The film was shot on location in Yugoslavia, and claims to be based on a true story. There are several versions, including an original three-hour cut made for Yugoslavian television, and a feature-length version for the American market. Rod Taylor was involved in rewriting and shooting some additional scenes during post production.

==Cast==
- Rod Taylor as Marko
- Adam West as Capt. Kurt Kohler
- Brioni Farrell as Anna Kleitz
- Bata Živojinović as Brka
- Peter Carsten as Col.
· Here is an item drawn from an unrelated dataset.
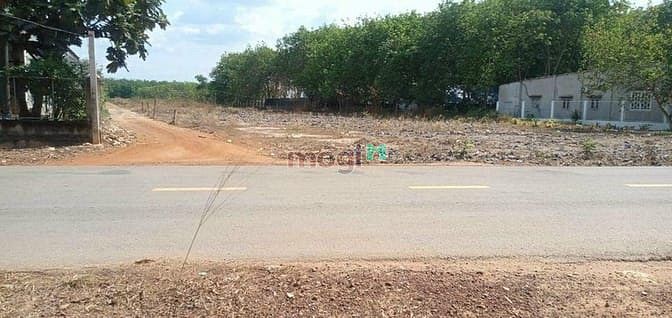 Hình ảnh Bán đất 4000m2, xã Nhuận Đức, 80mx50m, 150m thổ, KDC, 9,9 tỷ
Henke
- Olivera Katarina as Mila
- Branko Pleša as Brig. Gen. Steiger
- Marinko Šebez as Sele
- Janez Vrhovec as Col. Hoffmann
- Dragomir Felba as Chicha
- Gizela Vuković as Woman Mayor
- Cane Firaunović as Lt. Schuler
- Jovan Janićijević as Machek
- Dragomir Čumić as Partisan (uncredited)
- Dragomir Stanojevic as German (uncredited)
- Zoran Stojiljković as German Officer (uncredited)
- Predrag Milinković as Jewish Refugee (uncredited)

==Legacy==
The producer, Ika Panajotovic, was a lawyer and former tennis player who represented Yugoslavia in the Davis Cup and reached the semi-finals at Wimbledon.

Footage from Hell River was used in Once Upon a Time in Hollywood, reedited to feature Leonardo DiCaprio. The film's director, Quentin Tarantino, has been reported to be a fan of the film.